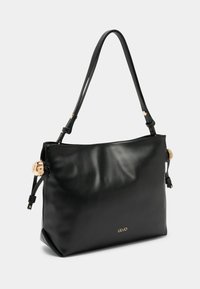 Bolso de mano de cuero negro con una textura lisa, asa única, detalles en tono dorado y un logo impreso en el frente.
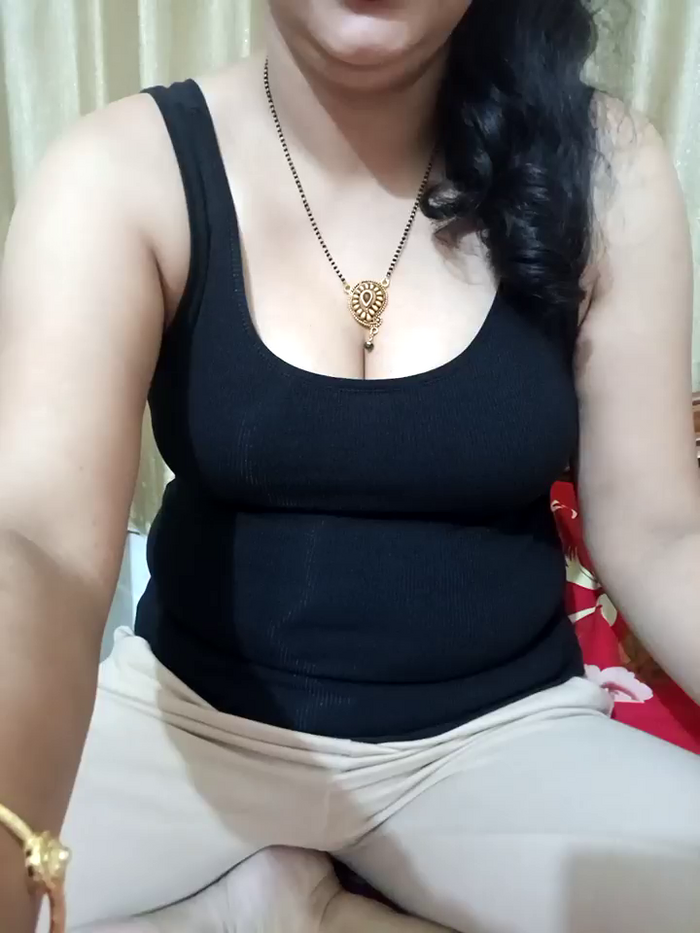 Priya_Boudi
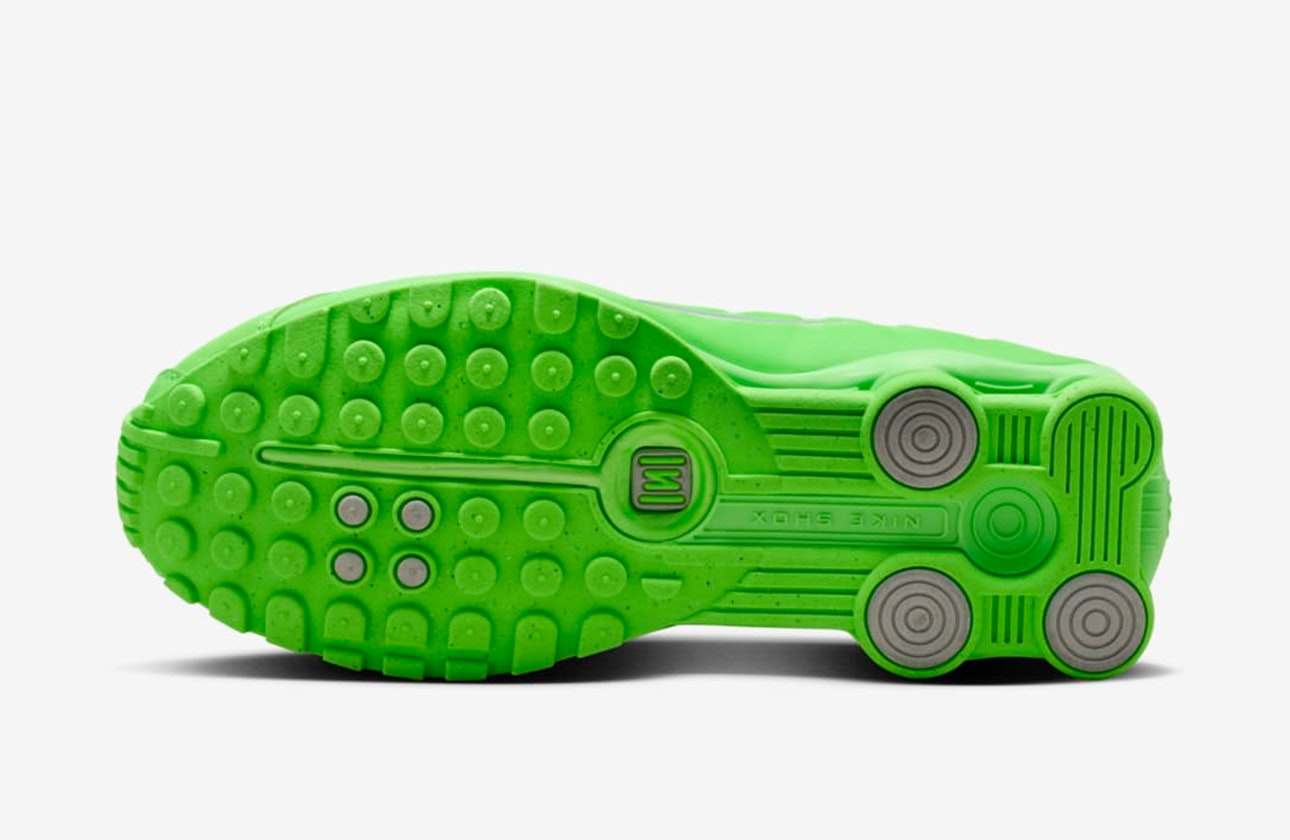 Nike Shox R4 "Green Strike"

> TASK DETAILS
Print the listing verbatim, images excluded.

> ANSWER SECTION
 Bolso de mano de cuero negro con una textura lisa, asa única, detalles en tono dorado y un logo impreso en el frente.
 Priya_Boudi
 Nike Shox R4 "Green Strike"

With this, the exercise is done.